Sweyn deposed the hapless Anglo-Saxon king in 1013. Following Sweyn's death in 1014, Ethelred returned, only to die himself in 1016, leaving the throne to Canute the Great, as Ethelred's heirs fled from England.
A burial ground found in Langeid in the Setesdal Valley, Norway in 2011 contained artifacts from the time of Ethelred, including a glorious sword, the hilt embellished with gold and inscribed with markings. Now, after four years studying the site and the sword, the objects and findings are being revealed to the public for the first time.
"Even before we began the excavation of this grave, I realised it was something quite special. The grave was so big and looked different from the other 20 graves in the burial ground. In each of the four corners of the grave there were post holes," Camilla Cecilie Wenn of the Museum of Cultural History, Norway, who led the excavation, said in a statement.
These post holes indicate that the grave site had a roof at some point -- clearly the last resting place of a man both wealthy and important. But inside the coffin, only two small silver coin fragments were found. One was probably from the German Viking Age and the other a penny minted under the reign of Ethelred II. Carbon dating of charcoal inside the post holes dates the grave to around 1030 AD -- five years before the end of Canute's reign in 1035 AD.
But the real treasure, it turned out, wasn't inside the coffin at all.
"When we went on digging outside the coffin, our eyes really popped. Along both sides, something metal appeared, but it was hard to see what it was. Suddenly a lump of earth fell to one side so that the object became clearer," Wenn said.

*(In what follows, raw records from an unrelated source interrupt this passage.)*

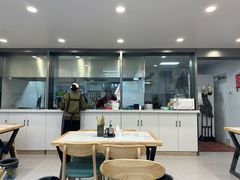 -雪花龙吊龙牛肉面(三山街店)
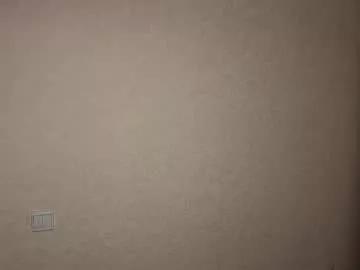 jennimarquis from Chaturbate is Freechat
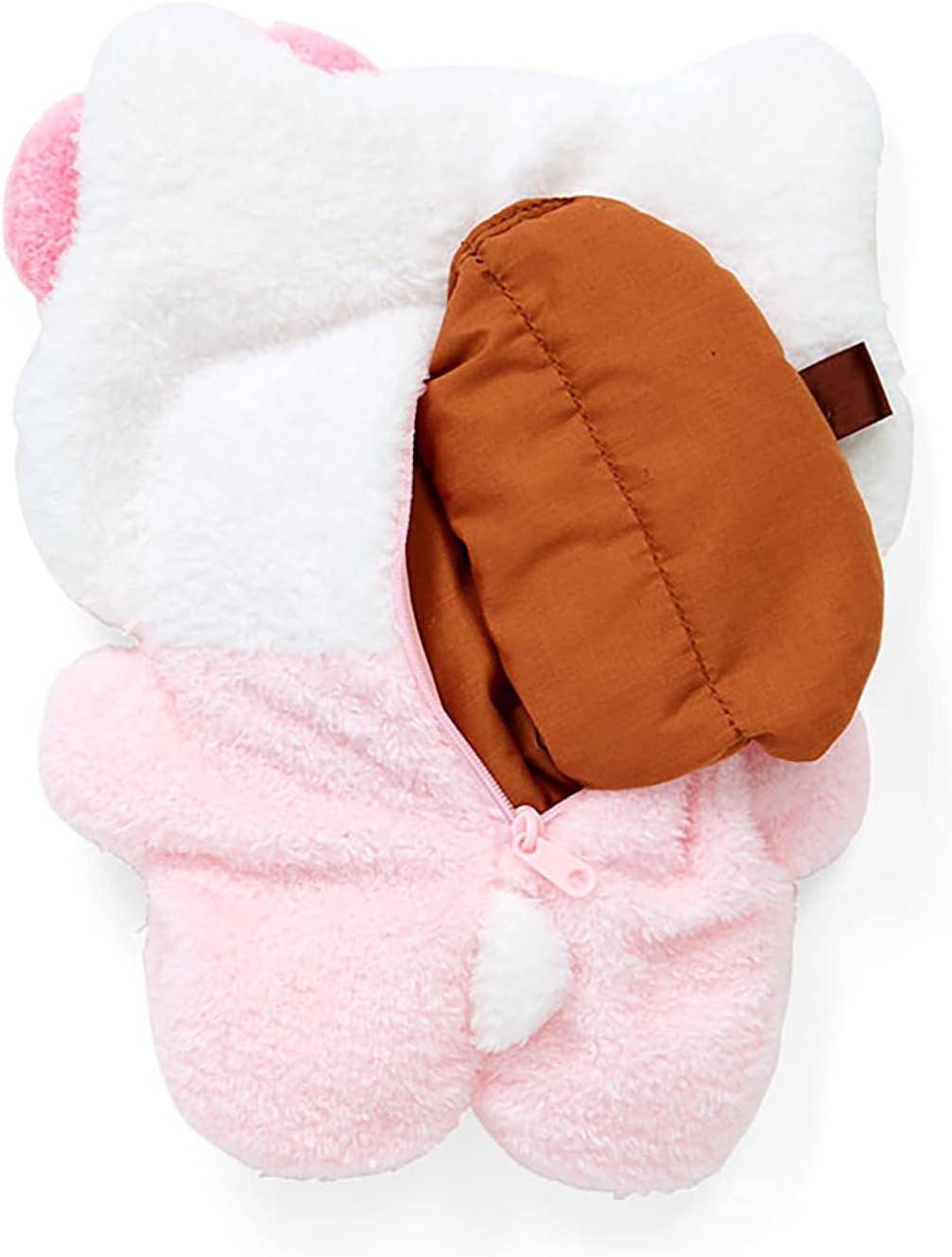 Sanrio 333051 Hello Kitty Hot Warmer image number 3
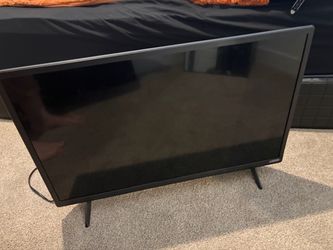 TVs
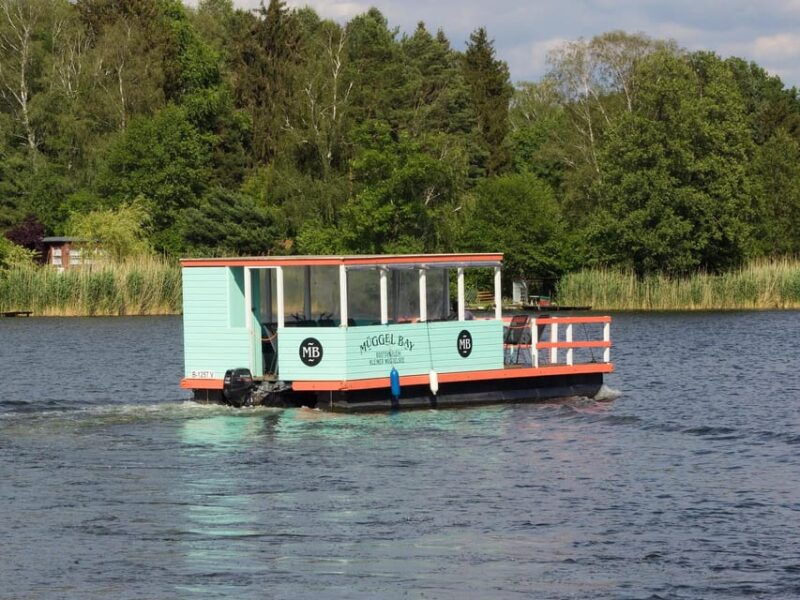 berlin-bahamas-raft-boat-rental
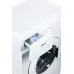 Стиральная машина NORD i-WS 610 W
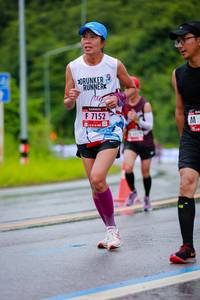 BIB: 7152
                            <button type="button" onclick="openModal(5726385)" class="btn btn-primary btn-sm float-right btn-popup" data-toggle="modal" data-target=".modal-high-quality">
                        <i class="fas fa-shopping-cart"></i> Add to Cart
                    </button>
                                            <button type="button" onclick="isThisMe(5726385, true)" class="btn btn-success btn-sm float-right btn-popup btn-isme hidden" data-toggle="tooltip" data-placement="bottom" title="นี่คือรูปของคุณใช่ไหม คลิกที่นี่เพื่อเอาเข้าอัลบั้ม">
                        <i class="fas fa-plus"></i> Add to album
                    </button>
                    <button type="button" onclick="isThisMe(5726385, false)" class="btn btn-warning btn-sm float-right btn-popup btn-isnotme hidden">
                        <i class="fas fa-ban"></i> Remove from album
                    </button>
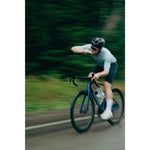 Product thumbnail 5 of 8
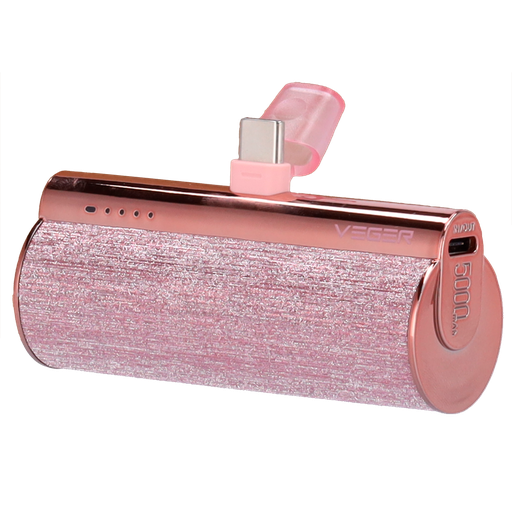 [VG-W0573-R] VG-W0573-R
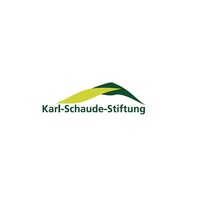 Pflegefachkraft (m/w/d) - Komm ins Team! Karl Schaude Stiftung - Haus am Wunnenstein Großbottwar 71723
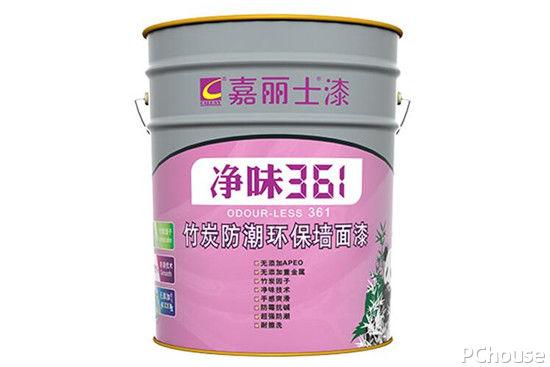 十大品牌油漆排名_油漆品牌排行_油漆排名品牌前十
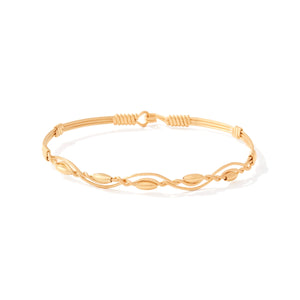 In My Father’s Eyes Bracelet
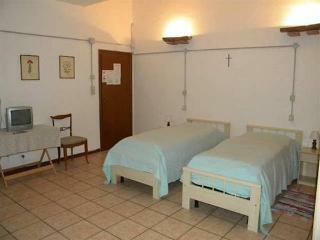Bed & Breakfast Agriturismo Novara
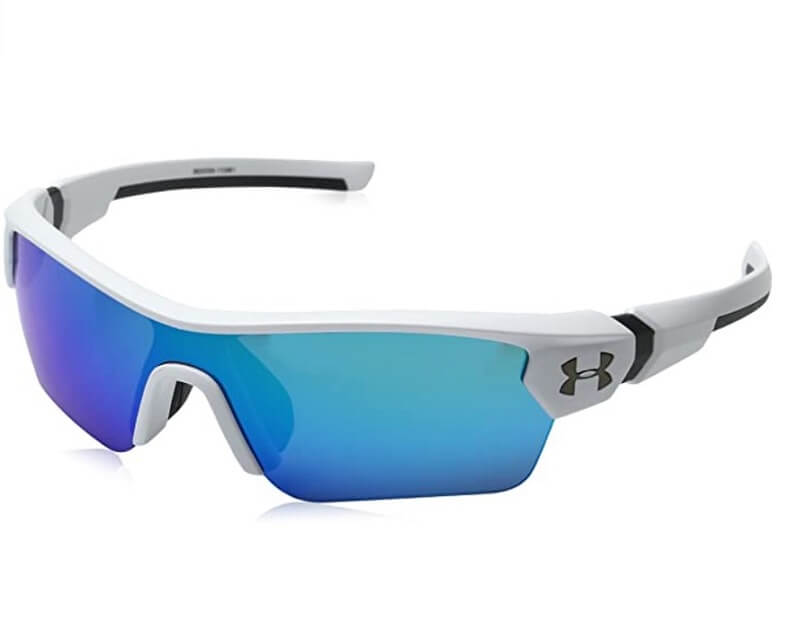 Kids Sunglasses Best Baseball Gift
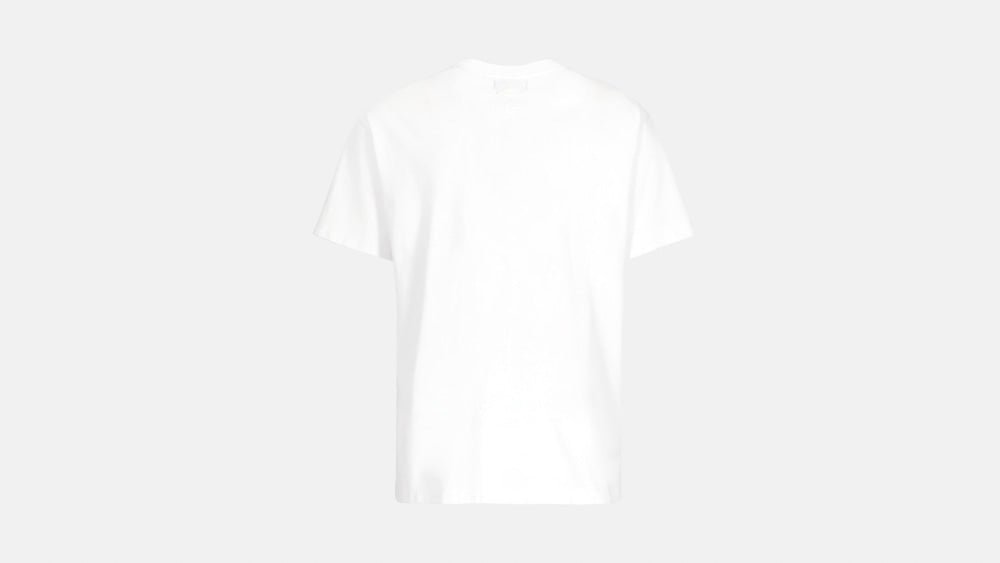Tshirt Blvck - Camiseta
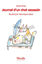 Image de Journal d'un chat assassin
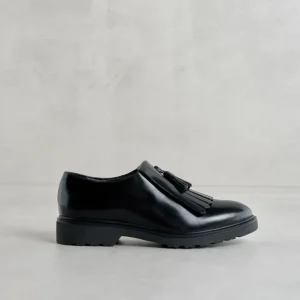 New Mocassino Slip On Mocassini
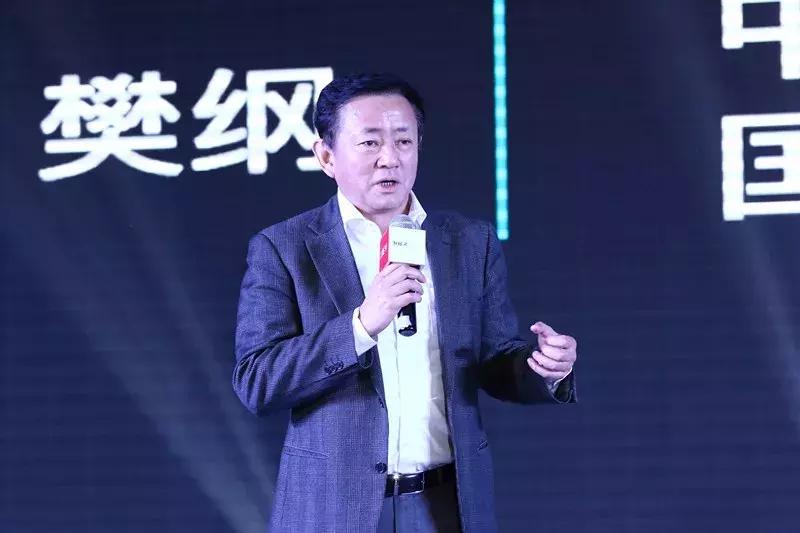 “新经济直通车盛大发布”，今天盘石联同中小企业一起搞事情！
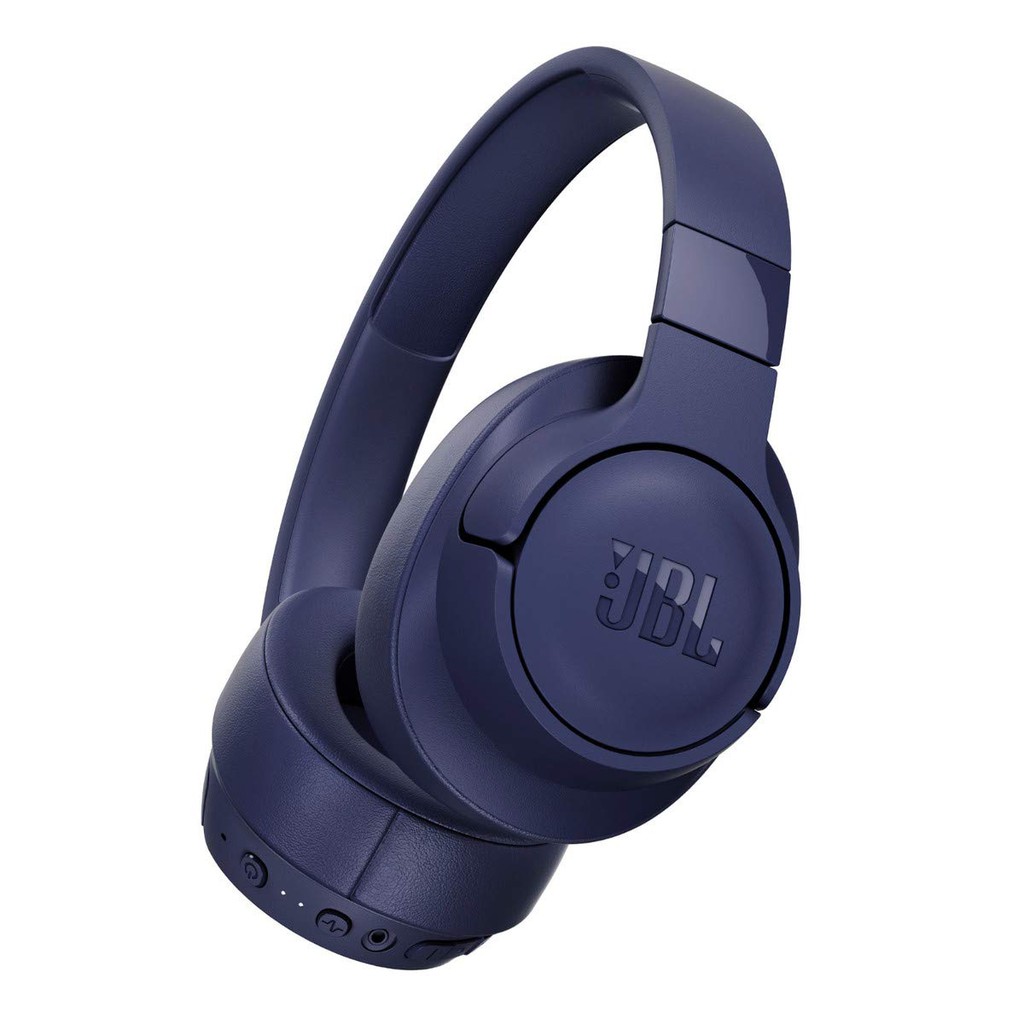 TAI NGHE JBL TUNE 750BTNC - bảo hành 12 tháng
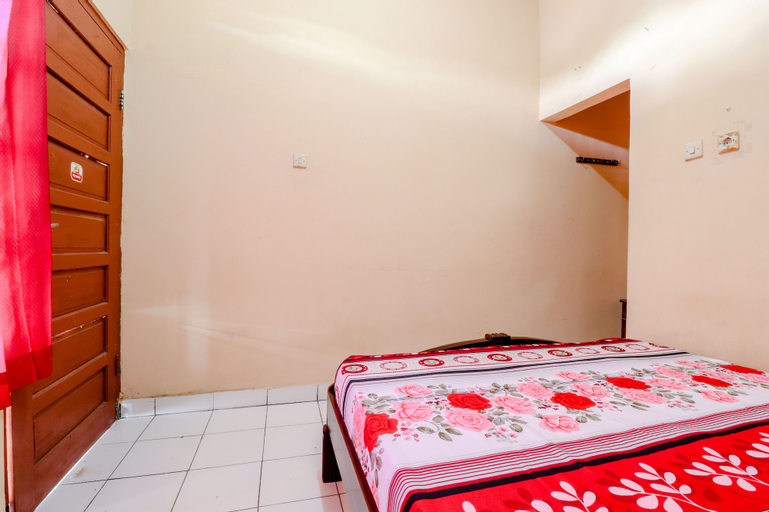 Bedroom 26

"Our pulses raced when we realised it was the hilt of a sword! And on the other side of the coffin, the metal turned out to be a big battle-axe. Although the weapons were covered in rust when we found them, we realised straight away that they were special and unusual. Were they put there to protect the dead person from enemies, or to display power?"
The sword itself, measuring 94 centimetres in length, is magnificent. Although the iron blade is rusted, the handle remains more or less intact, wrapped with silver thread around the grip and with gold and silver detailing on the hilt and pommel, edged in copper alloy wire. These decorations consist of large spirals, what seem to be Latin letters and what appear to be crosses, but what the markings mean is currently a mystery.
"At the top of the pommel, we can also clearly see a picture of a hand holding a cross. That's unique and we don't know of any similar findings on other swords from the Viking Age. Both the hand and the letters indicate that the sword was deliberately decorated with Christian symbolism," Wenn said.
"But how did such a sword end up in a pagan burial ground in Norway? The design of the sword, the symbols and the precious metal used all make it perfectly clear that this was a magnificent treasure, probably produced abroad and brought back to Norway by a very prominent man."
A runic stone a little further down the valley, which dates from the same period as the burial ground, could provide clues. In Old Norse, it reads, "Arnstein raised this stone in memory of Bjor his son. He found death when Canute 'went after' England. God is one."
Moreover, the grave contained the aforementioned battle axe, not decorated with gold, but with a shaft coated in brass -- rare in Norway, but a number of similar axes from the same time period have been found along the River Thames in London, where Sweyn and Canute led their armies against Ethelred in a series of battles. Canute's soldiers, a written 12th century source says, had to belong to leading families and provide their own gilded axes and sword hilts.
"It's quite possible that the dead man was one of King Canute's hand-picked men for the battles with King Ethelred of England. Seen in connection with the runic stone further down the valley, it is tempting to suggest that it is Bjor himself who was brought home and buried here," said Zanette Glørstad of the Museum of Cultural History, who led the research.
"Another possibility is that his father Arnstein only got his son's magnificent weapons back and that, precisely for that reason, he decided to erect a runic stone for his son as a substitute for a grave. When Arnstein himself died, his son's glorious weapons were laid in his grave. The death of his son must have been very tough on an old man. Perhaps their relatives honoured both Arnstein and Bjor by letting Arnstein be buried with the weapons with such a heroic history."
The sword is now on display at the Museum of Cultural History in Norway as part of the exhibition "Take it personally."